The setting is 1949 Los Angeles — kudos to production designer Maher Ahmad and cinematographer Dion Beebe, though there are far too many images that have clearly been digitally tweaked to within an inch of their lives, as well as props and costumes that have obviously been freshly manufactured for the occasion.

The City of Angels has become a criminal empire ruled by Mickey Cohen (a heavily made-up Penn), a flamboyant former featherweight boxer-turned-Jewish-Mafioso from Brooklyn, and associate of the late Bugsy Siegel (and far better played by Harvey Keitel in Barry Levinson’s “Bugsy’’).

Cohen has put much of the LAPD and the city’s judiciary on his payroll as he prepared to corner the West Coast market on bookmaking and heroin. So Police Chief William Parker (a self-parodying Nick Nolte) sends for Sergeant John O’Mara (Brolin), an insubordinate but straight-arrow detective and World War II veteran who took it upon himself to bust up one of Cohen’s brothels.

O’Mara is tasked with recruiting a small squad of misfits to wage war on Cohen’s machine while ignoring such legal niceties as search and arrest warrants. His men include an expert in illegal wiretaps (Giovanni Ribisi) who frets the squad’s methods are not that different from Cohen’s, a retired sure-shot (Robert Patrick) and, improbably for an elite squad of the era, token black (Anthony Mackie) and Latino (Michael Pena) officers.

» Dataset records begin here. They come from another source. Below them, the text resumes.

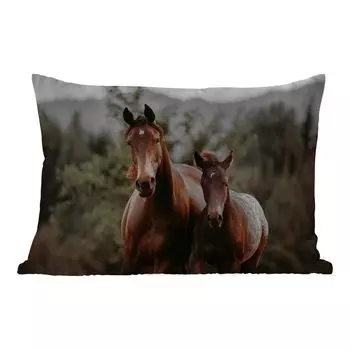 Подушка MuchoWow для улицы - Лошади - Лес - Горы - 60x40 см - Устойчивость к атмосферным воздействиям - Подушка для отдыха - Чехлы для подушек - Декоративные чехлы для подушек - Декоративные чехлы для подушек, мультиколор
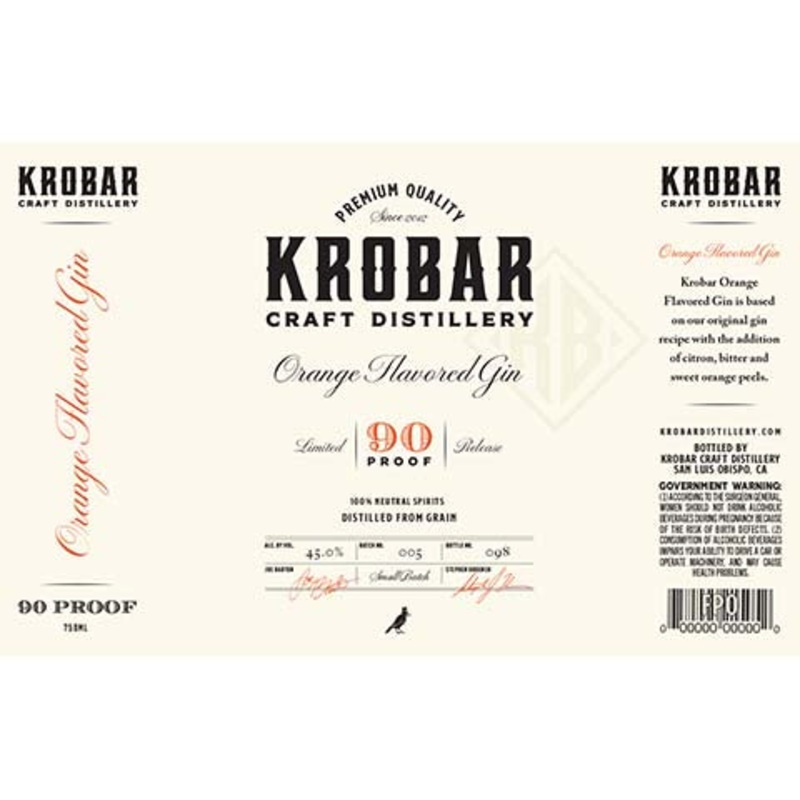 Krobar Orange Flavored Gin 750ML BTL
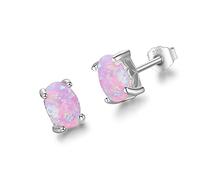 925 Sterling Silver Oval Pink Fire Opal Earrings For Women Fashion Earrings Fine Jewelry Wedding Gift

The most important, and reluctant (until his favorite shoeshine boy is snuffed by Cohen’s men) addition to the squad is Sergeant Jerry Wooters (Gosling) a smug, nattily dressed, skirt-chasing detective with military experience whose latest conquest is Cohen’s mistress, Grace Faraday (Stone).

You might reasonably ask why Wooters would accept an assignment that could very well land his part-time girlfriend in cement shoes, but this is the sort of movie in which such questions are cheerfully waved away. And where cops guarding a shot-up home somehow fail to notice survivors cowering in the bathtub.

Indeed, director Fleischer seems less interested in the Gangster Squad’s exploits as an opportunity to tell a coherent, involving story — he often allows (encourages?) his cast, especially Penn, to egregiously overact their wafer-thin characters and spout risible dialogue — than provide a jokey excuse for elaborate set pieces that make little narrative sense.

Like the opening scene where Penn — looking alarmingly like Al Pacino in Warren Beatty’s “Dick Tracy’’ — has a rival mobster chained to a pair of cars and pulled apart behind the famous Hollywoodland sign. (The last four letters were later removed.)

A shootout in a Hollywood hotel lobby is modeled on the train-station sequence in “The Untouchables,’’ but Fleischer lacks De Palma’s instincts for such subtleties as camera placement and editing, so it quickly devolves into tedium.

“The Gangster Squad’’ earned notoriety in July when its trailer showing a climactic shootout at Grauman’s Chinese Theatre was pulled following the Aurora, Colo., movie-theater massacre.

The planned September opening was delayed so the offending sequence could be replaced with a newly shot ambush — that’s as gratuitously violent as it is nonsensical. And it’s in LA’s Chinatown, Jake.